The question is oddly worded but my interpretation is "I have a 5 point discrete sequence sampled at $1Hz$, what's the length of the corresponding continuous time domain signal in seconds".

First we need to define what we mean by "corresponding". In order for the sequence to completely capture a continuous signal, this signal must be bandlimited. So if we require our sequence to represent a complete description of the corresponding continuous signal, the length of that signal must be infinite. (Since all band limited signals have inifinite lengths)

If we allow for aliasing, then the length is "whatever you want it to be". There is an inifite number of continuous signals that would result in our original sequence when sampled.

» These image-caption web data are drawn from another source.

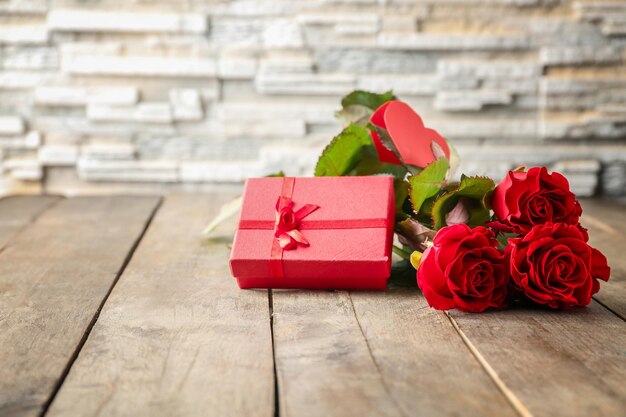 Concepto del día de San Valentín Rosas rojas frescas y caja de regalo en la mesa de madera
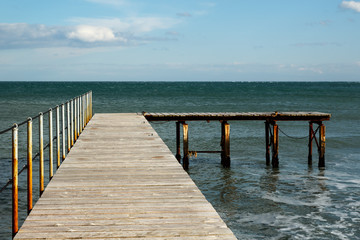 Fototapeta premium Old wooden bridge to the sea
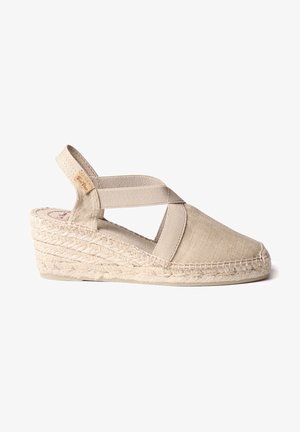 Smėlio spalvos espadrilės platformos sandalai su kryžminėmis elastingomis juostelėmis, pintu džuto viduriniu padu ir apvaliu pirštu. Audinių paviršius yra tekstūruotas.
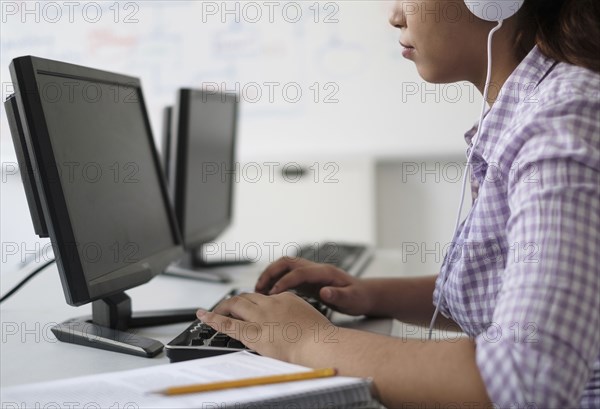 Hispanic woman typing in computer lab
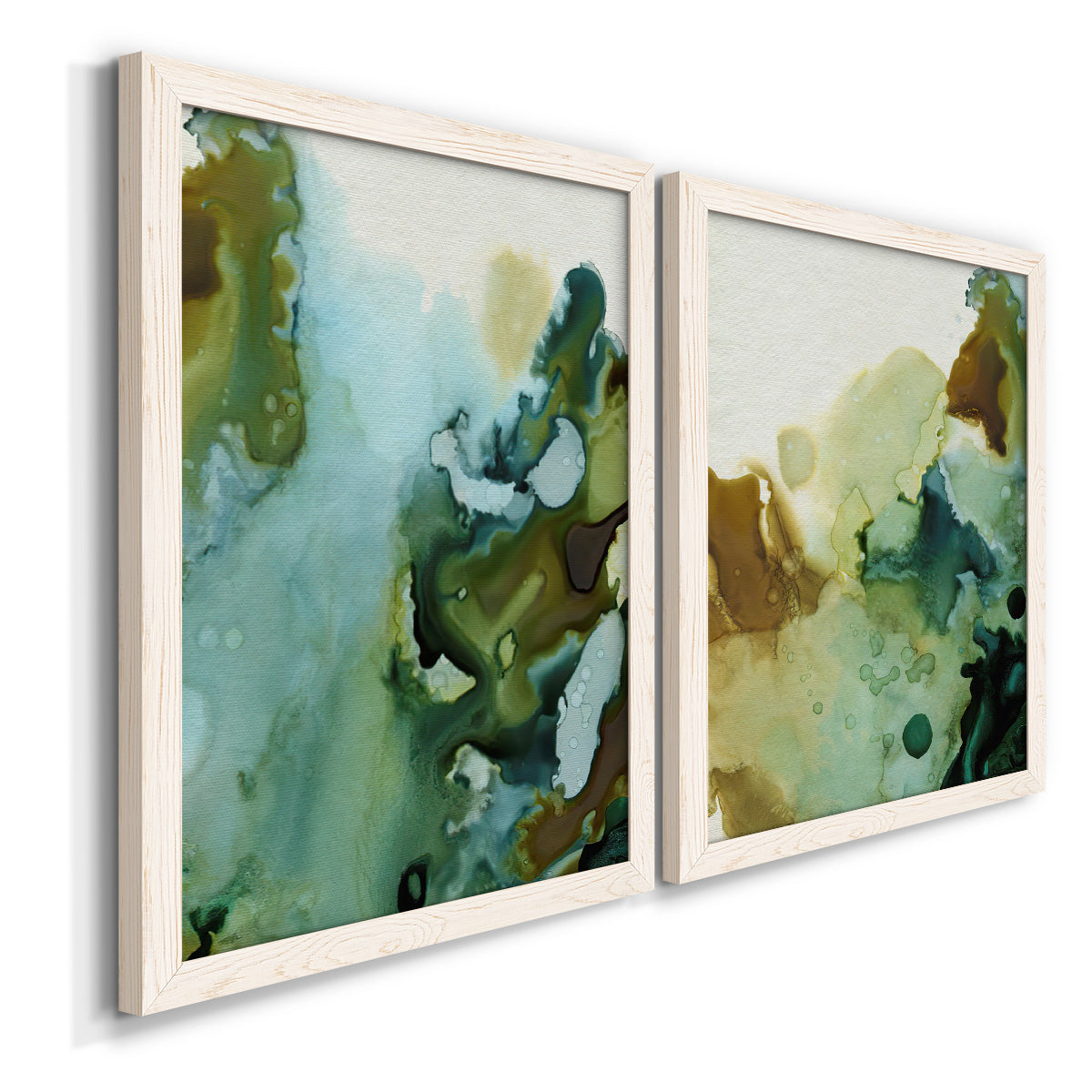 Angled view of a set of two white barnwood framed canvas prints featuring two organic watercolor abstracts featuring fluid green blue and earthy brown ink pools.
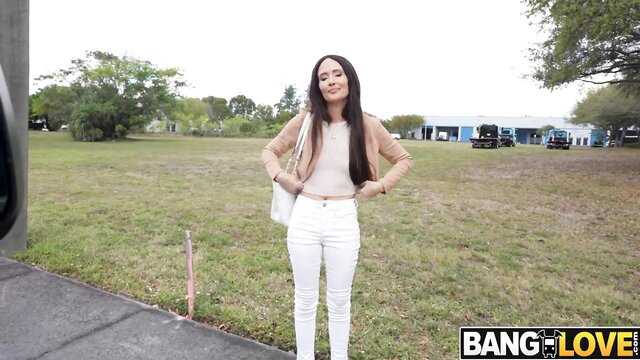 Izi Blu Sky in white jeans & top at outdoor Hussie Pass shoot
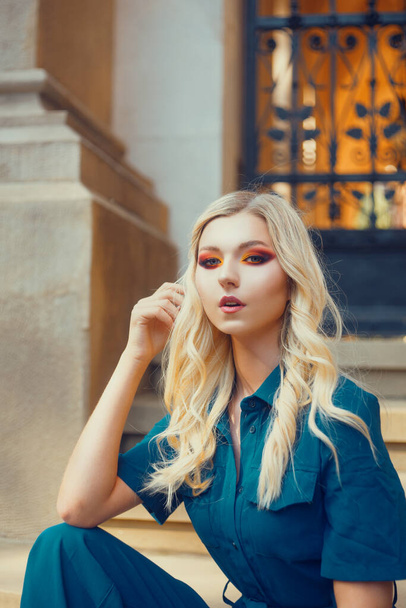 Blonde with beautiful smoky eyes makeup. Bright red shadows on a beautiful female face. A model on the street sits near the university in a suit. Fashion - Foto, imagen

In other words, for any given time length you can construct a continuous signal that will sample as our original sequence.

EDIT:

So it seems like I misinterpreted the question. OP wants to know ""what is the time duration of my five-sample sequence?"

The answer to this is: it doesn't have any. The length is $5$ (no units) and that's that.

In order to define time length as a physcial quantity you need to create a physical manifestation of that discrete sequence. In other words, you need to run it through a D/A converter and then you can measure actual physical time. The result of this measurement will be dependent on the implementationd details of the D/A. D/A create compromise between "time smearing" and "aliasing" An "ideal" D/A converter would create a signal that's infinitely long, but of course, that's impossible and impractical.

We are having some fun philosphical discussion on this topic with fairly different opinions. Now that would be all futile, if you could simply measure it, but it turns out there is no well defined "time length" that's measurable and would provide the definitive answer.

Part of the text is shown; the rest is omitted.